Sunday, January 31, 2016

That Valentine's Day Proposal!

You're engaged!  Congratulations!

It's incredibly exciting, and now you have a lot to think about.  The wedding dress, the reception, the venue, the guests!  There's so much to do you could almost forget about the reason everyone will be there: your ceremony.

When you're choosing an officiant, you want someone who will make your wedding ceremony memorable and personal.  Be ready with a few ideas!  Here are a few things to consider:

How big is the wedding? - the number of guests will determine everything from the budget to the size of the venue to the seating at the ceremony.  Your officiant will want to know so she can be sure she has all the right equipment, like a microphone or copies of your readings.

Speaking of readings, what do you really want to hear? - do you have poetry, song lyrics, readings, or books that you want incorporated into your ceremony?  Your officiant would love to see them.

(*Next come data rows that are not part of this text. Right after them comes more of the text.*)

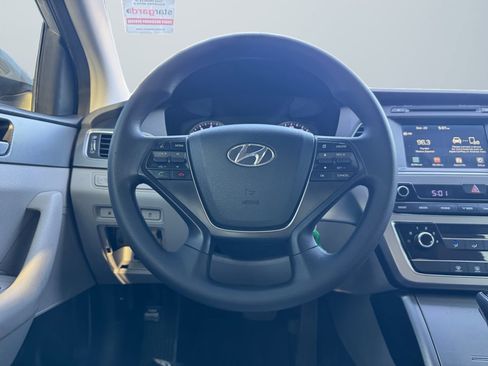 Used 2016 Hyundai Sonata SE image 11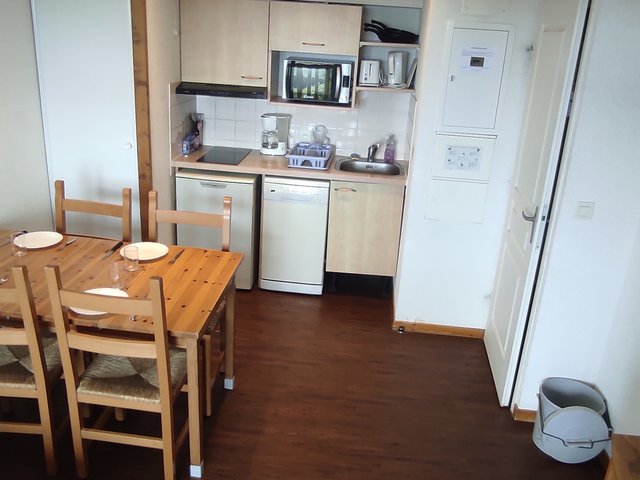 Appartement 2 pièces 4 personnes avec balcon - Super-Besse
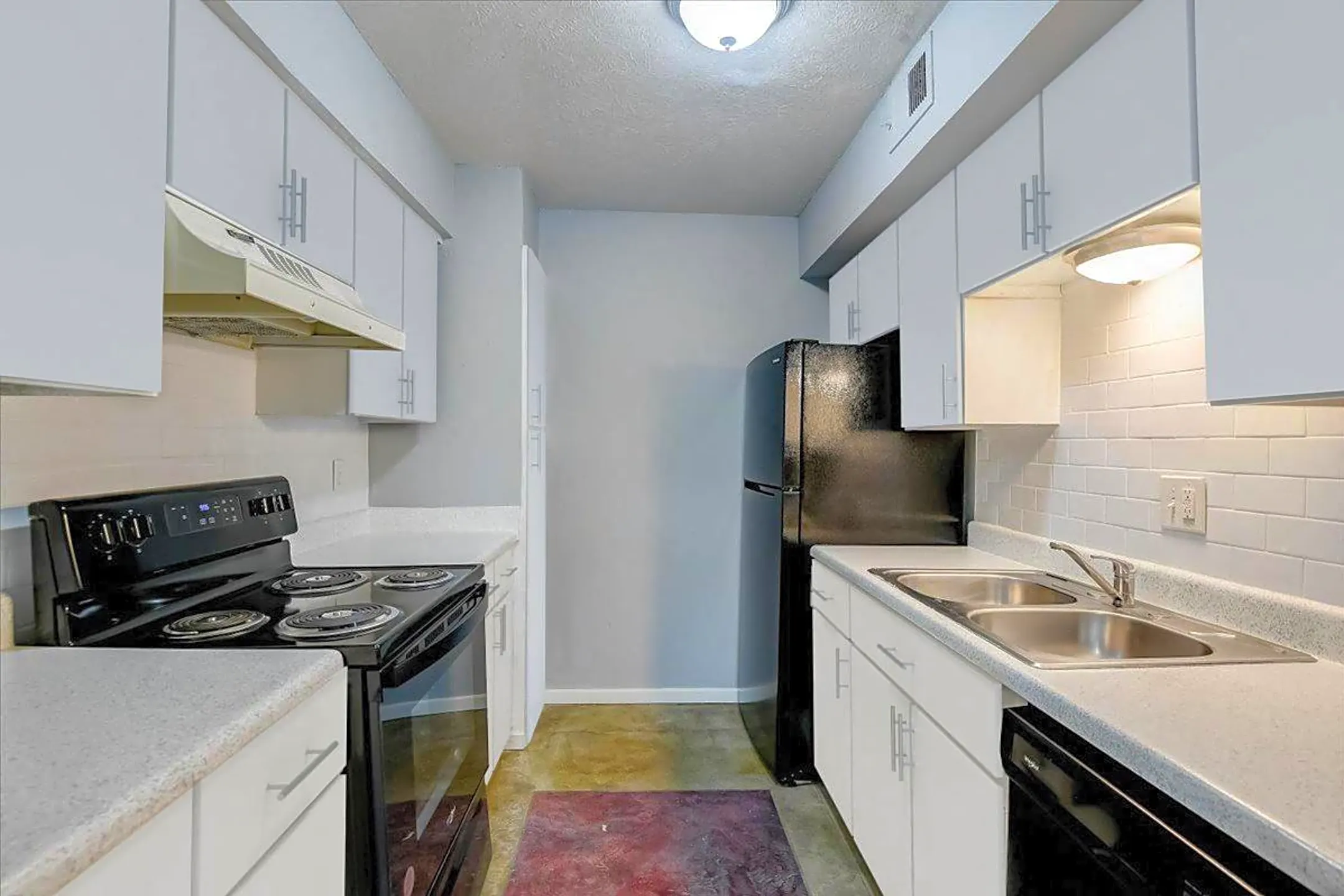 Vintage Pads - 2424 W Oak St | Denton, TX Apartments for Rent | Rent.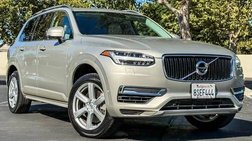 2016 Volvo XC90 T8 eAWD Momentum
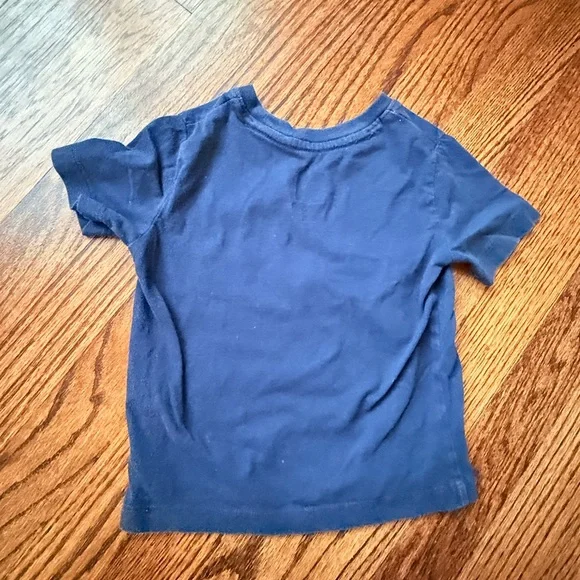 GAP Kids Short Sleeve Tees - Gray, Dark Gray, Navy - Size 2t - Picture 5 of 6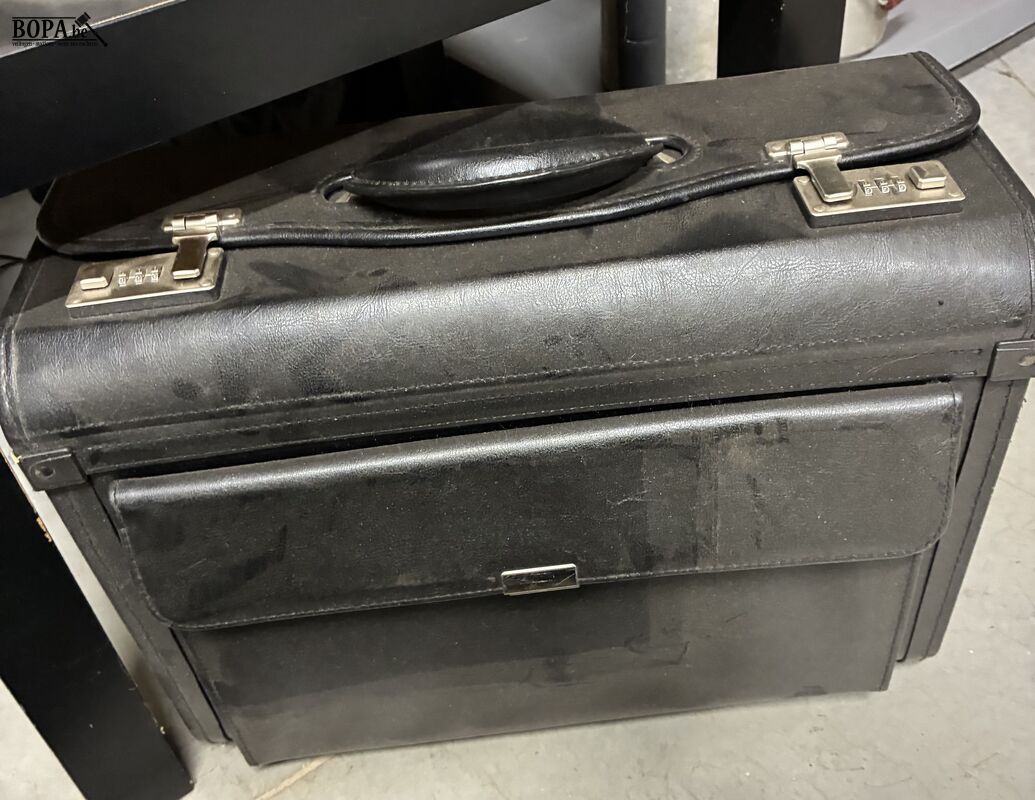 Aktetas + dokterstas – foto 3 – kavel bij BOPA Auctions, Oekene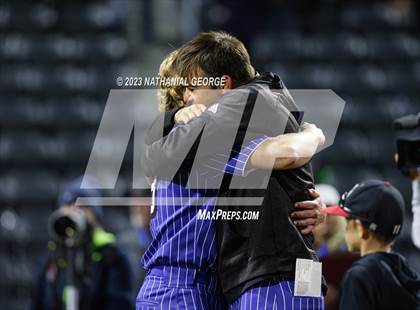Thumbnail 1 in Millard West vs. Lincoln East (NSAA Class A Final) photogallery.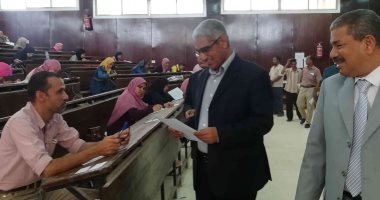 رئيس جامعة جنوب الوادى يتفقد امتحانات الدراسات العليا بكلية التربية "صور"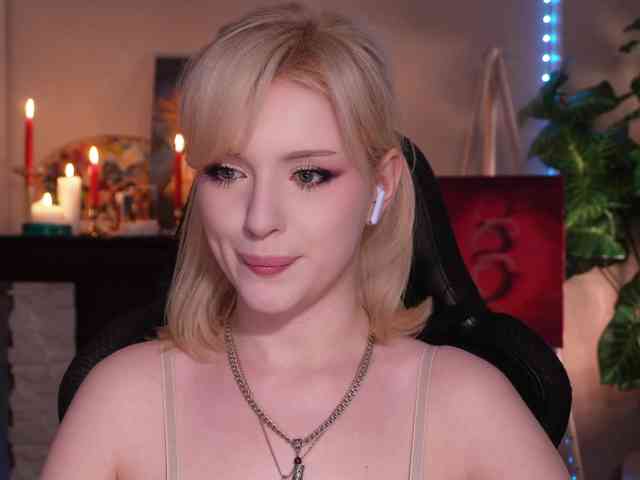 Chris_Foxx webcam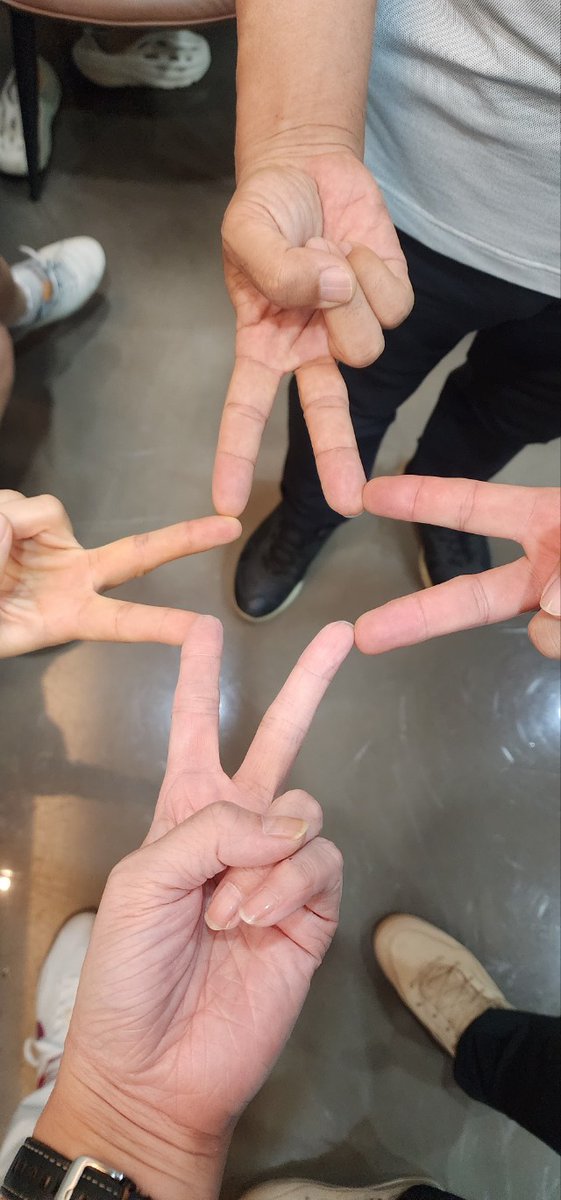 즐거웠습니다.

선선해지니 이젠야하게놀까요??!!^^
스크린으로 시작해서 필드라운딩...
1박2일 여행으로 진도나가봐요!
매너좋으신부커님! 연락기다립니다....
#부커만남 #스크린골프 #골프 #여행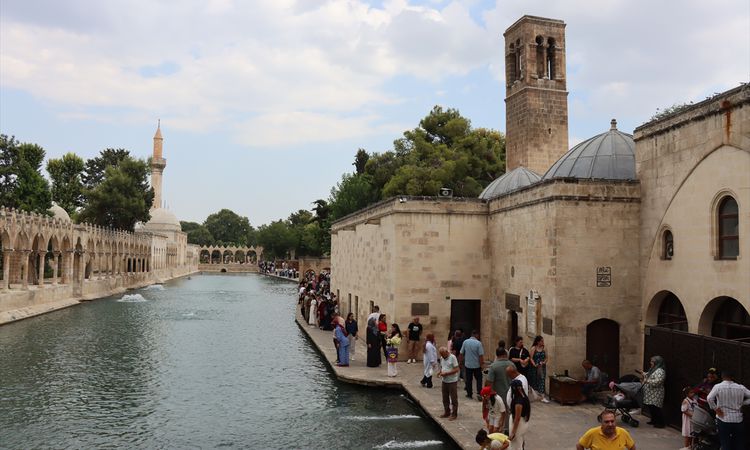 Gündemden Son Bilgiler: Balıklıgöl'de Hafta Sonu Yoğunluğu - Son Dakika Haberleri | İşte Tüm Ayrıntılar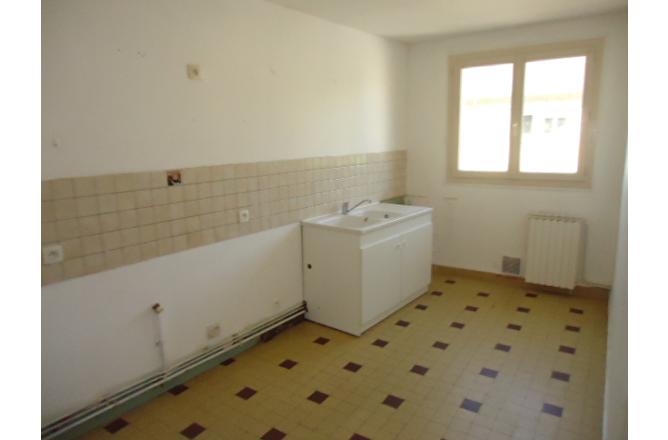 Appartement Aubusson 3 pièce(s) 72 m2 - C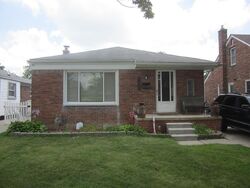  Netherwood St, Southgate MI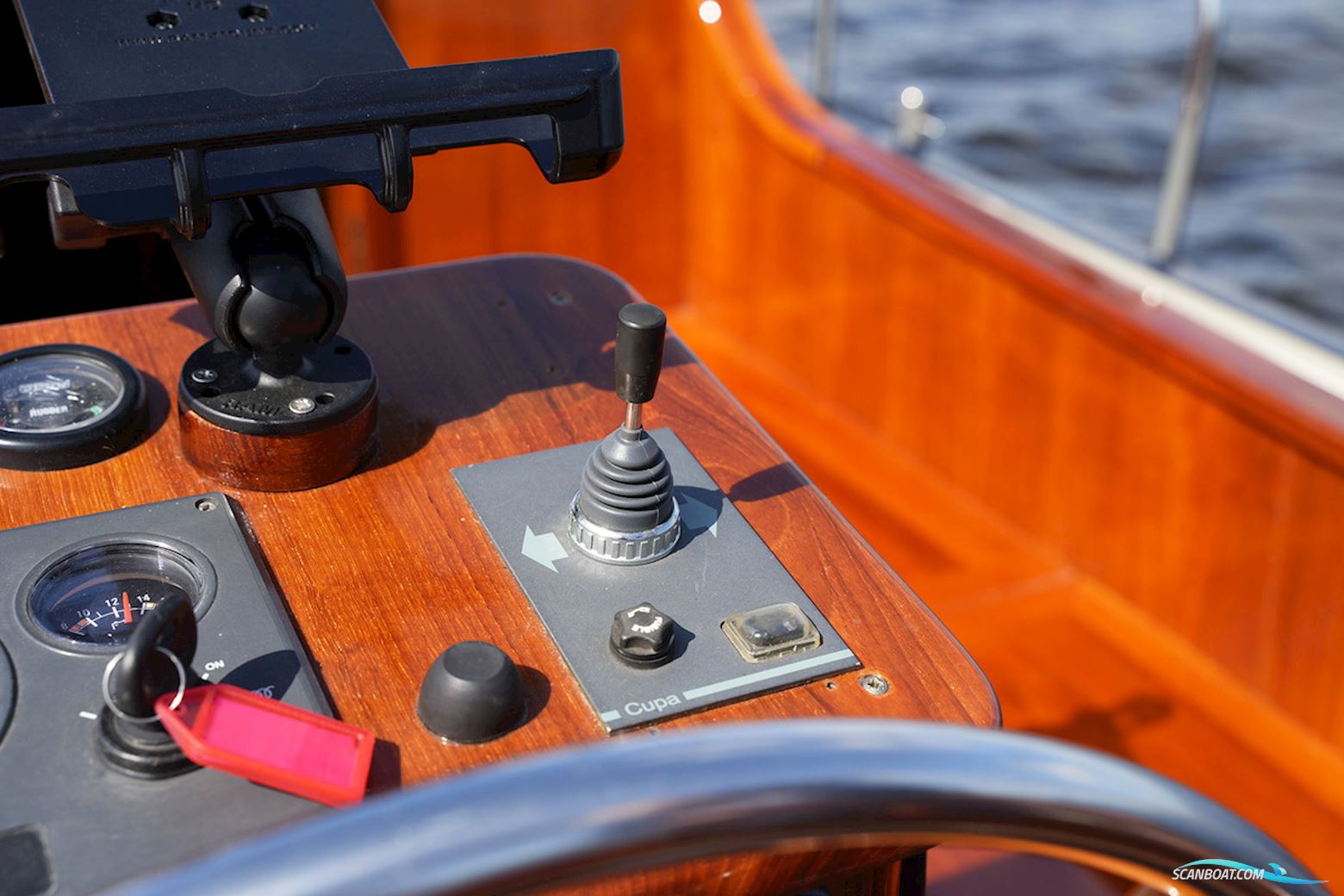 Kok Kajuitkruiser 850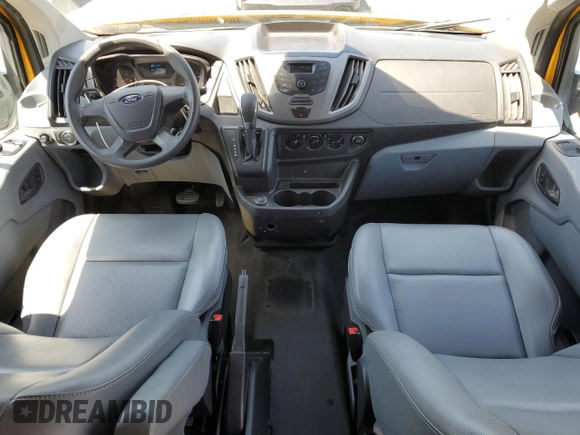 2019 Ford Transit Passenger XL z VIN 1FMZK1ZM0KKA09894, wystawiony jako Copart lot #61650455 z przebiegiem 100 779 mil mil oraz Szkoda całkowita • Salvage title. Historia ofert i sprzedaży dostępna na DreamBid. Obrazek 8.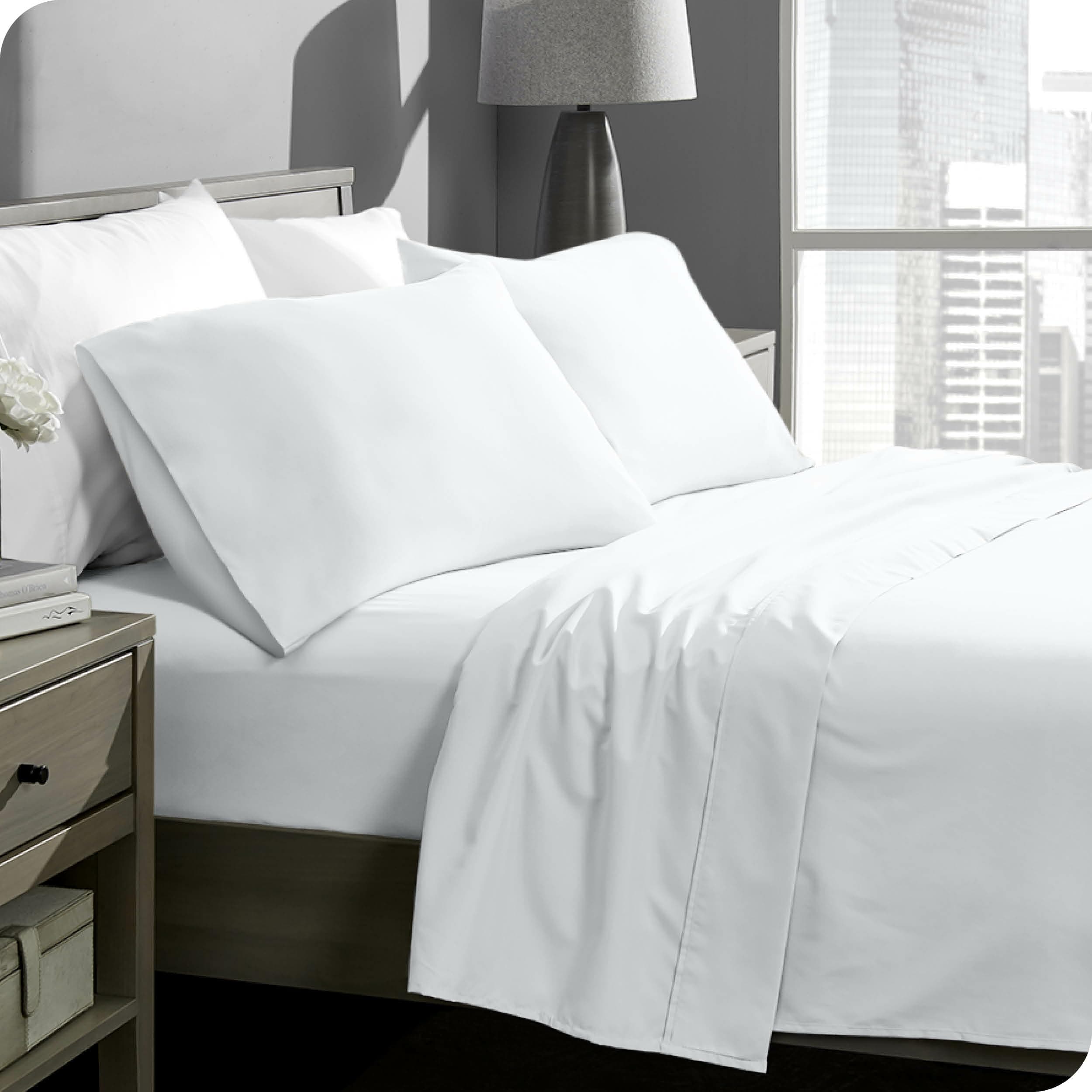 Ivy Union Queen Size Sheet Set - Breathable & Cooling Sheets - Extra Soft, Easy-Fit Bed Sheets - Deep Pockets - Bedding Sheets & Pillowcases (Queen, White)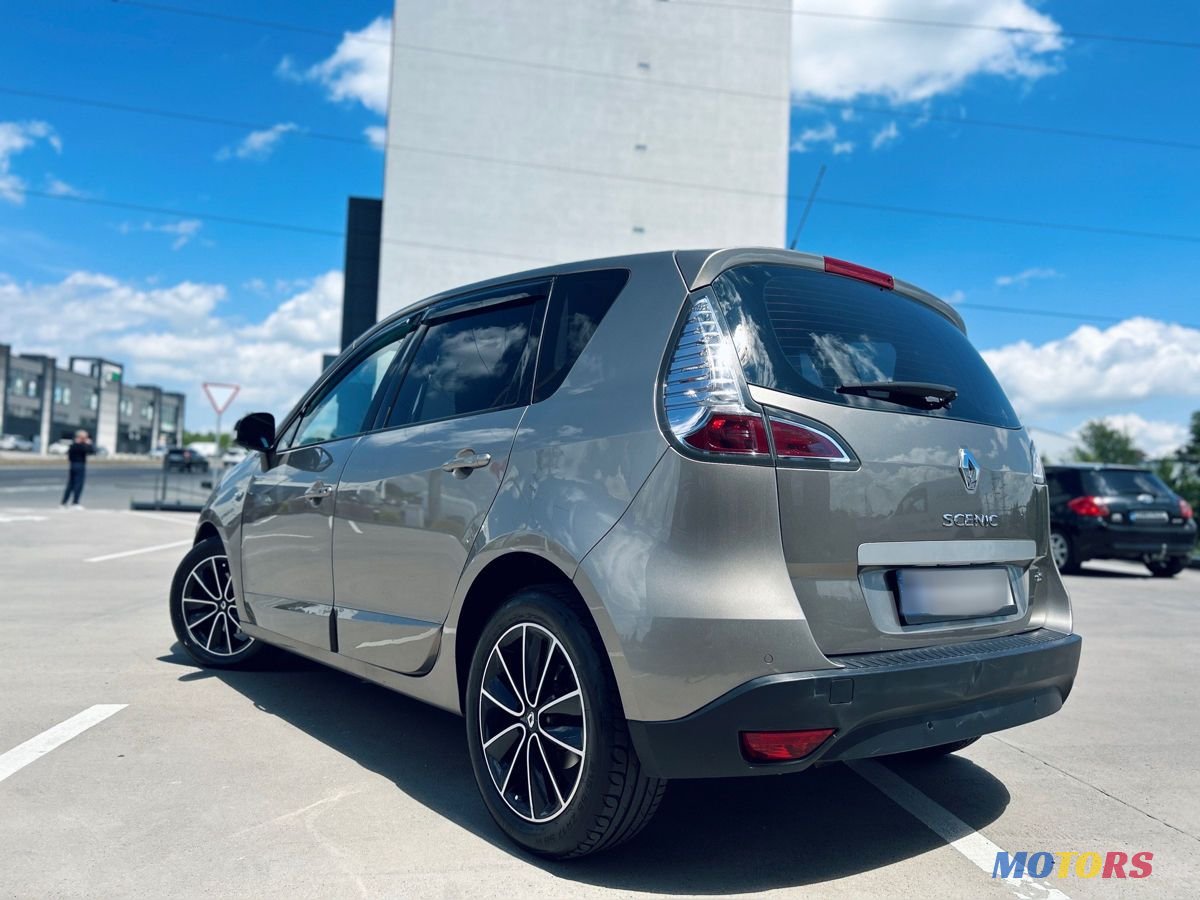2012' Renault Scenic photo #3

What's the vibe? - light and funny?  Classic and chic?  Formal or casual?  Knowing how you want your wedding to feel helps the officiant write the perfect ceremony and set the tone.

Simple or fancy? - Many of my couples want a short, sweet ceremony.  Others pull out all the stops, adding in a sand ceremony, musicians, memorials, or cultural elements.  Talk it over with each other, and even with your family.

I'm looking forward to meeting my new brides and grooms for 2016 and beyond!



Monday, October 26, 2015

Romantic October Weddings

It's been a wonderful month for Charmed Life Ceremonies!  I want to send a special thank you out to all my October couples.  You were all such fun to work with!

This month, I got to perform a small wedding by the river with lots of people who came all the way from Ireland!  I could listen all day to those lilting voices.  The brisk autumn air was full of laughter as Conor and Alison married.  Alison's sister shared a reading from a book called "I Like You", which has jumped to the top of my list for Thing I Need.  Sweetest book ever!

In Medford, Hilary and TJ tied the knot at a country club, decorated with autumn leaves and the prettiest bunch of little flower girls I've ever seen.  In adorable, full-length ecru lace dresses, they looked like tiny angels!   My favorite touch was the flower girls throwing leaves instead of flower petals.  It was perfect for the windy autumn day.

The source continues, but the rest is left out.